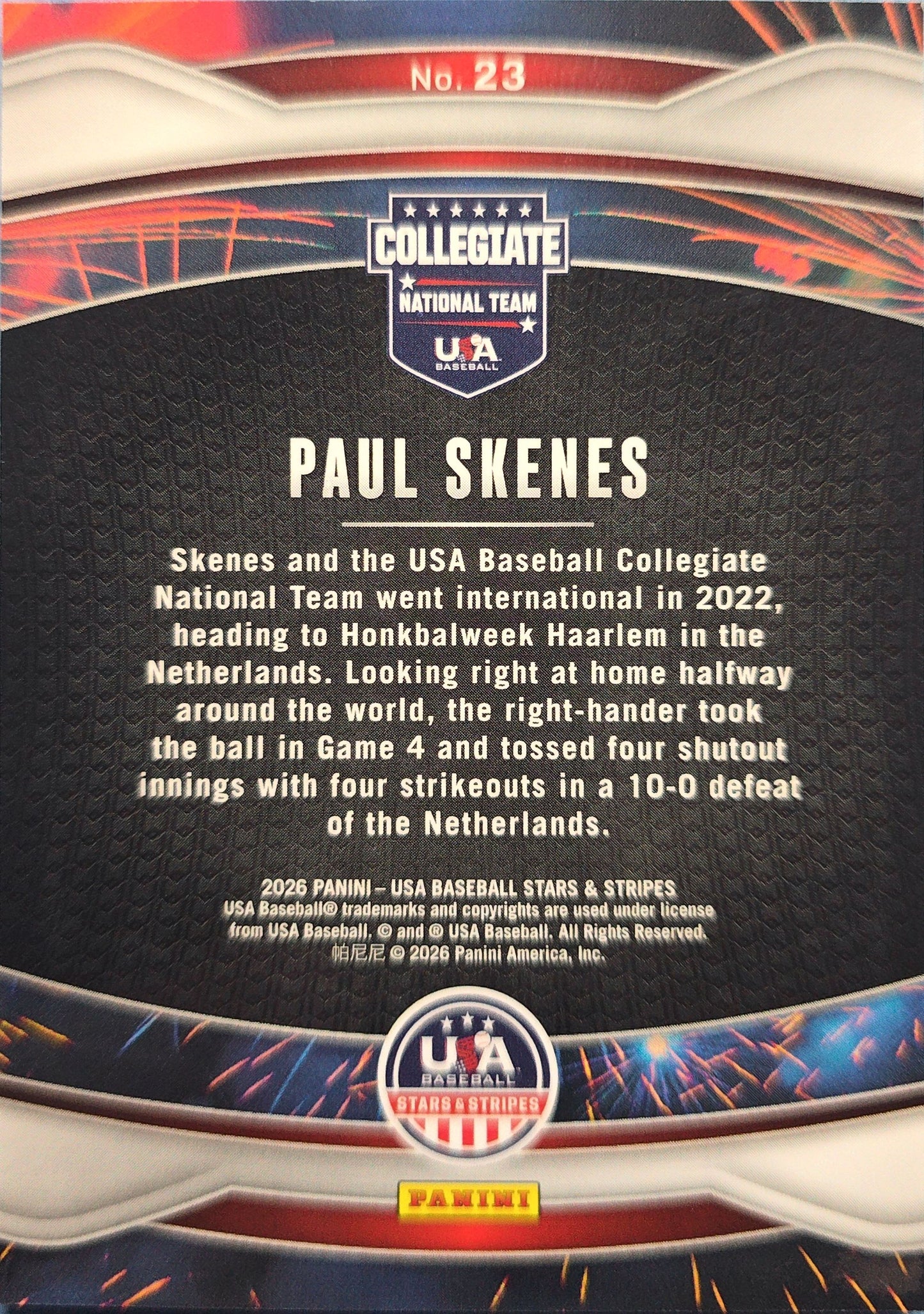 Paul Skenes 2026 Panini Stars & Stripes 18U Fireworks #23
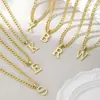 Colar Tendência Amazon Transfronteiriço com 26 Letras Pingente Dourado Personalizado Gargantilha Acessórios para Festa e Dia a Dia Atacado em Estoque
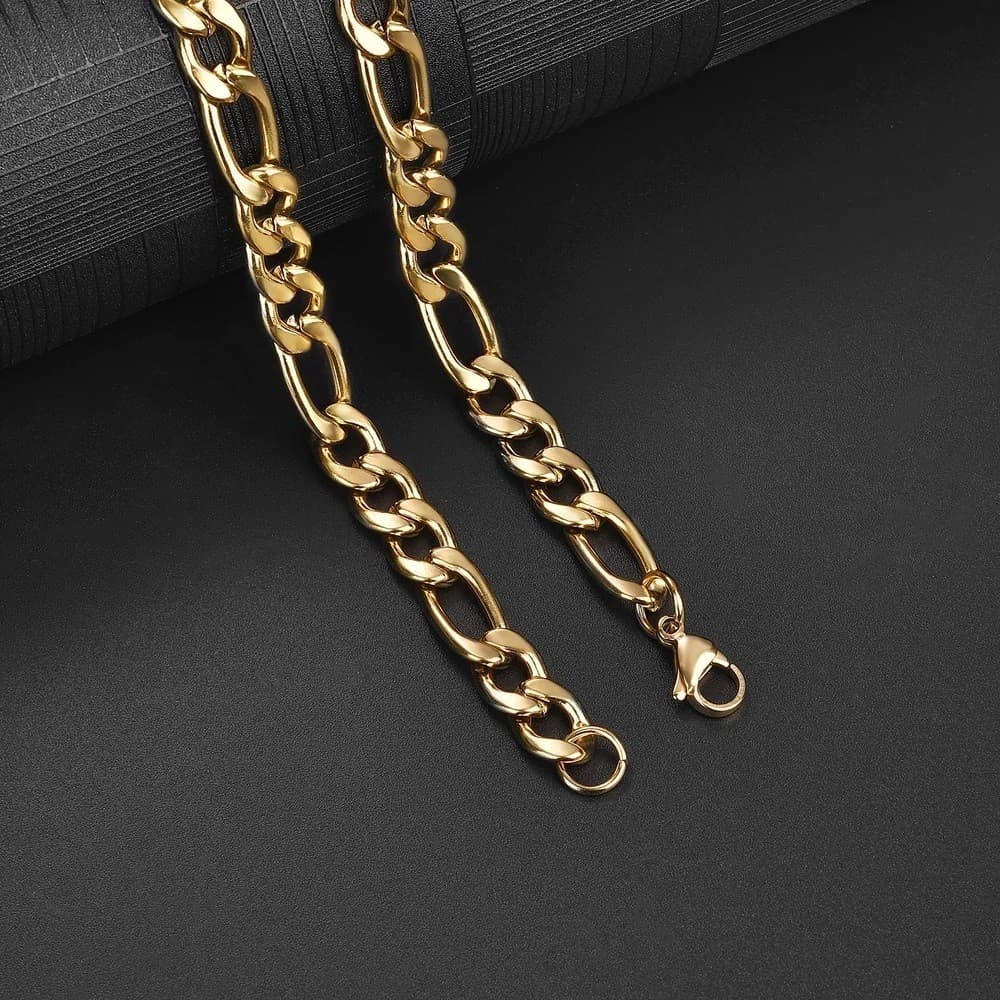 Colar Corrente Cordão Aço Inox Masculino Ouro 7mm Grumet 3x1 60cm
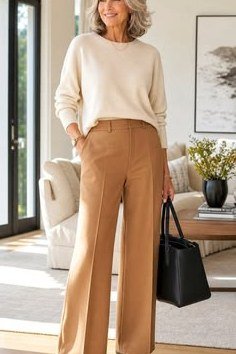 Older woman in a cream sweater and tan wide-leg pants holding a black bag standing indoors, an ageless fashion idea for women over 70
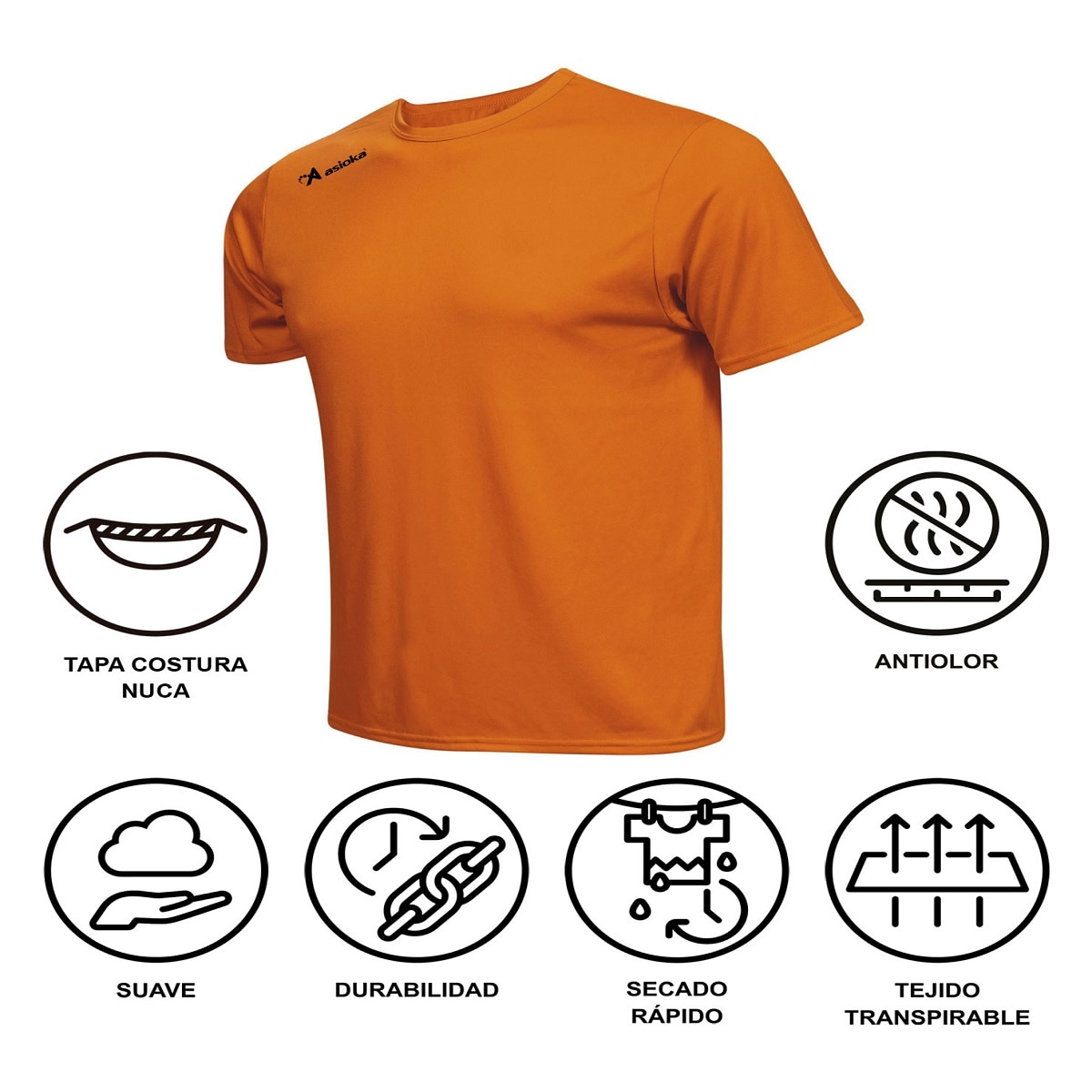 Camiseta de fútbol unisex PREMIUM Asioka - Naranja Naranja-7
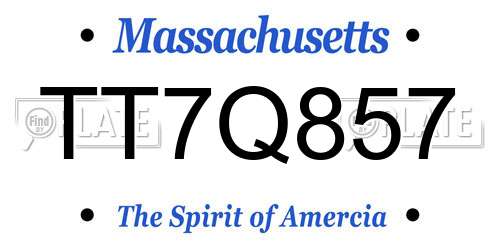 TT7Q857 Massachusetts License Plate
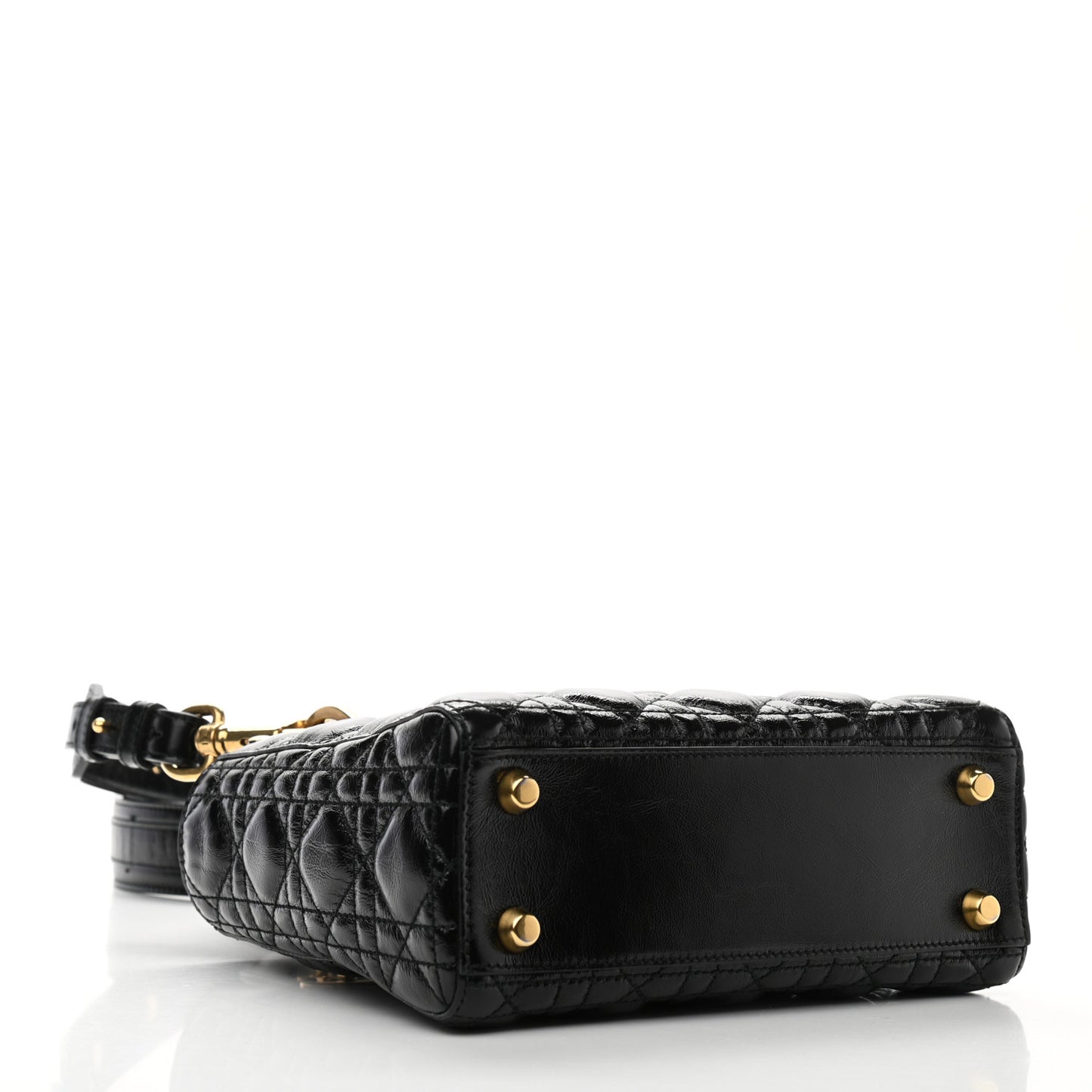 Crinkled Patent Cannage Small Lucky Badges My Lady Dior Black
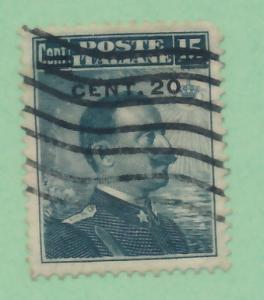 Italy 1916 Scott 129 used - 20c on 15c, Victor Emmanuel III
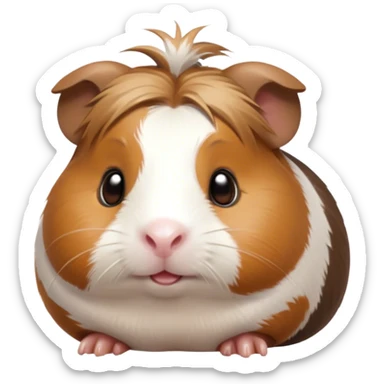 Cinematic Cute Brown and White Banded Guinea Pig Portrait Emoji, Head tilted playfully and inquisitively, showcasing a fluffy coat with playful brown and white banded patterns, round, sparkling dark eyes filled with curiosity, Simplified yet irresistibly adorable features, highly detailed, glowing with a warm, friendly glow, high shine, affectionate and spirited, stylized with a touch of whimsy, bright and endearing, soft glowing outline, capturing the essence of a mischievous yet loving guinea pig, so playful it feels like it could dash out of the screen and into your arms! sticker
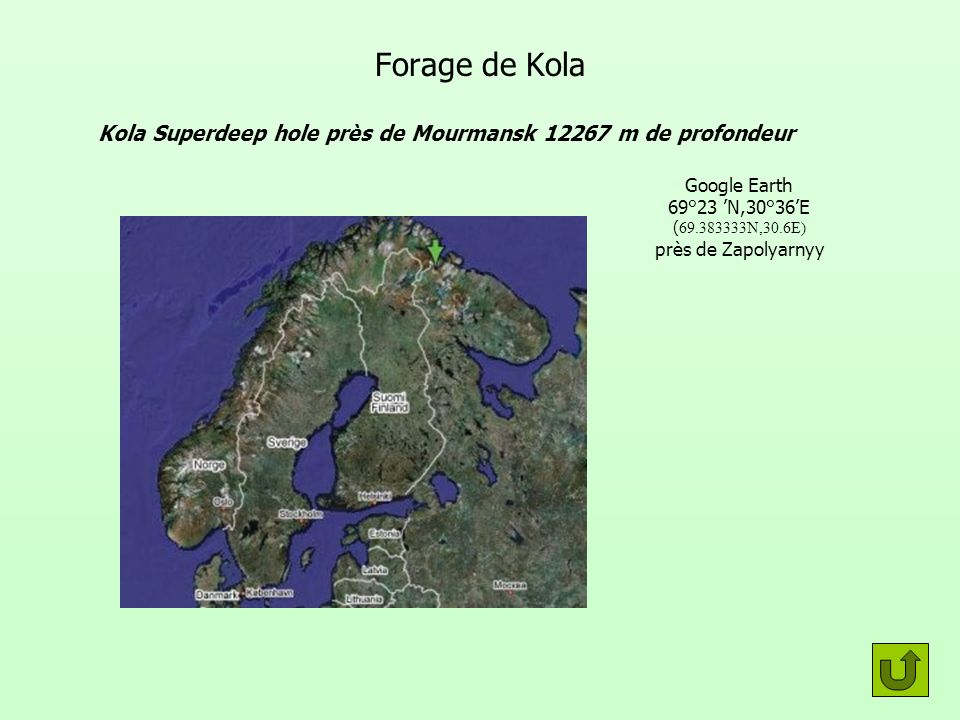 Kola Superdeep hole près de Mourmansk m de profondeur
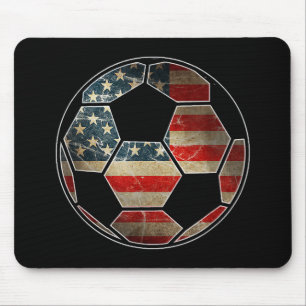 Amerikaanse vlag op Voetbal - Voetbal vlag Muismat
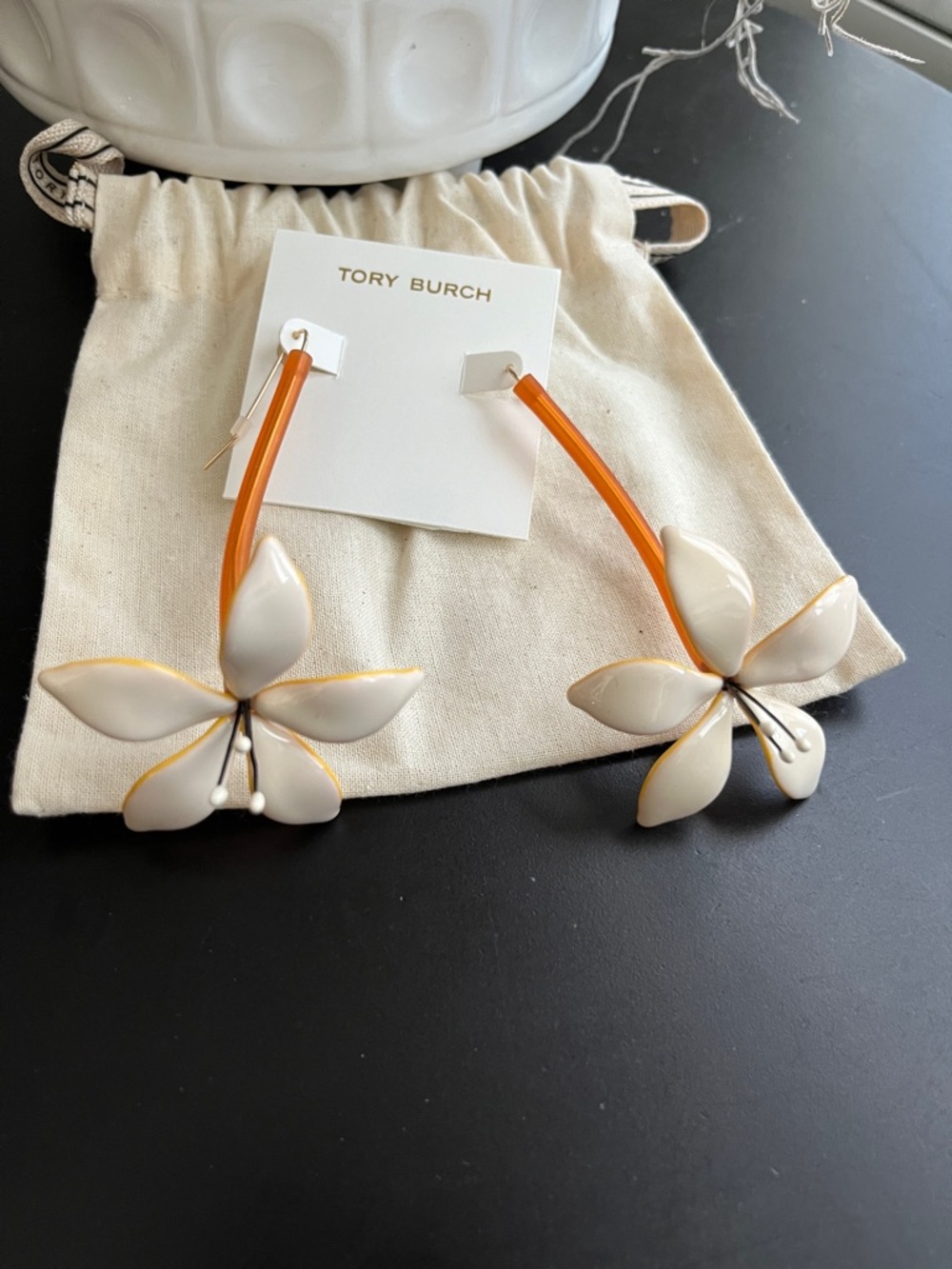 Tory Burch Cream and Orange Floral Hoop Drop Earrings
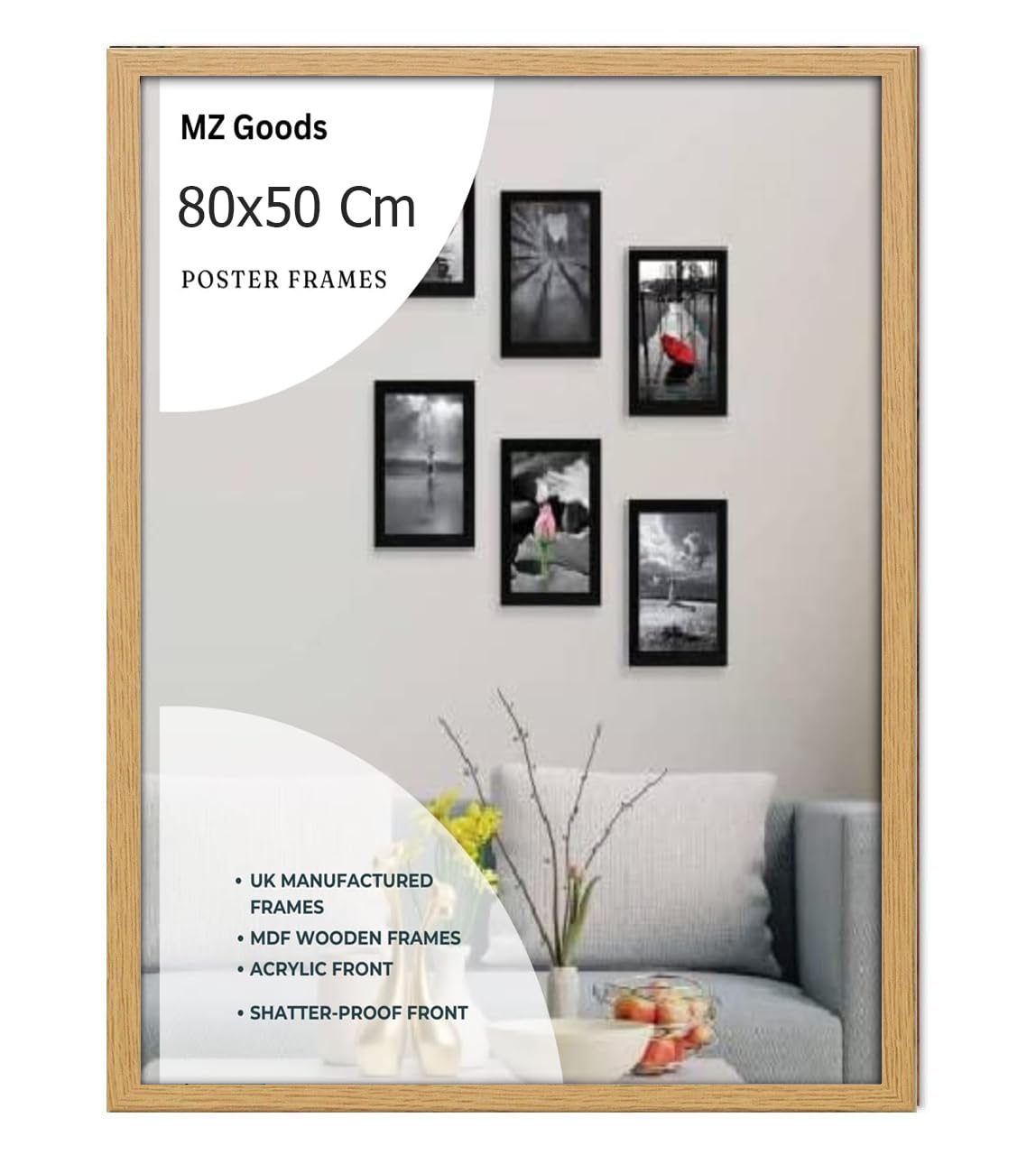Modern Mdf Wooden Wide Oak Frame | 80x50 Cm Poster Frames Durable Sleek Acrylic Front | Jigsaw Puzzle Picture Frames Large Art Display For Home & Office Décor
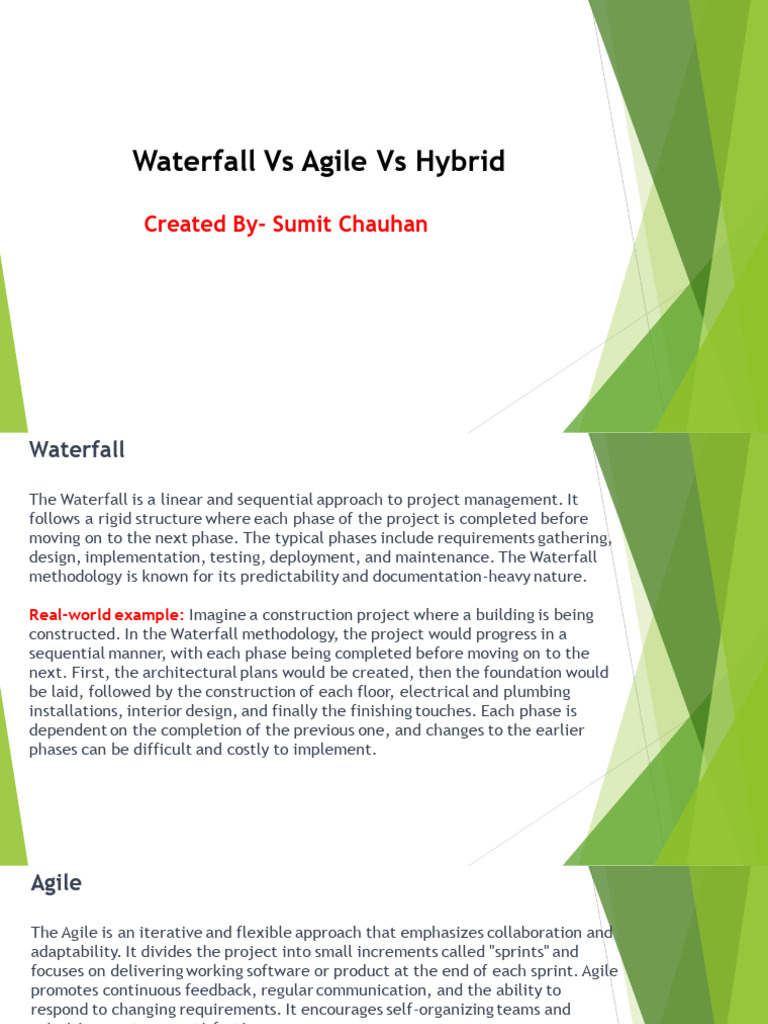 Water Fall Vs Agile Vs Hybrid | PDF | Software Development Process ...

____

> [WORK TO BE COMPLETED]: Please print the entries shown above again, exactly, and skip the pictures.

> [SOLUTION BELOW]:
 Paul Skenes 2026 Panini Stars & Stripes 18U Fireworks #23
 Colar Tendência Amazon Transfronteiriço com 26 Letras Pingente Dourado Personalizado Gargantilha Acessórios para Festa e Dia a Dia Atacado em Estoque
 Colar Corrente Cordão Aço Inox Masculino Ouro 7mm Grumet 3x1 60cm
 Older woman in a cream sweater and tan wide-leg pants holding a black bag standing indoors, an ageless fashion idea for women over 70
 Camiseta de fútbol unisex PREMIUM Asioka - Naranja Naranja-7
 TT7Q857 Massachusetts License Plate
 Crinkled Patent Cannage Small Lucky Badges My Lady Dior Black
 Italy 1916 Scott 129 used - 20c on 15c, Victor Emmanuel III
 Cinematic Cute Brown and White Banded Guinea Pig Portrait Emoji, Head tilted playfully and inquisitively, showcasing a fluffy coat with playful brown and white banded patterns, round, sparkling dark eyes filled with curiosity, Simplified yet irresistibly adorable features, highly detailed, glowing with a warm, friendly glow, high shine, affectionate and spirited, stylized with a touch of whimsy, bright and endearing, soft glowing outline, capturing the essence of a mischievous yet loving guinea pig, so playful it feels like it could dash out of the screen and into your arms! sticker
 Kola Superdeep hole près de Mourmansk m de profondeur
 Amerikaanse vlag op Voetbal - Voetbal vlag Muismat
 Tory Burch Cream and Orange Floral Hoop Drop Earrings
Modern Mdf Wooden Wide Oak Frame | 80x50 Cm Poster Frames Durable Sleek Acrylic Front | Jigsaw Puzzle Picture Frames Large Art Display For Home & Office Décor
 Water Fall Vs Agile Vs Hybrid | PDF | Software Development Process ...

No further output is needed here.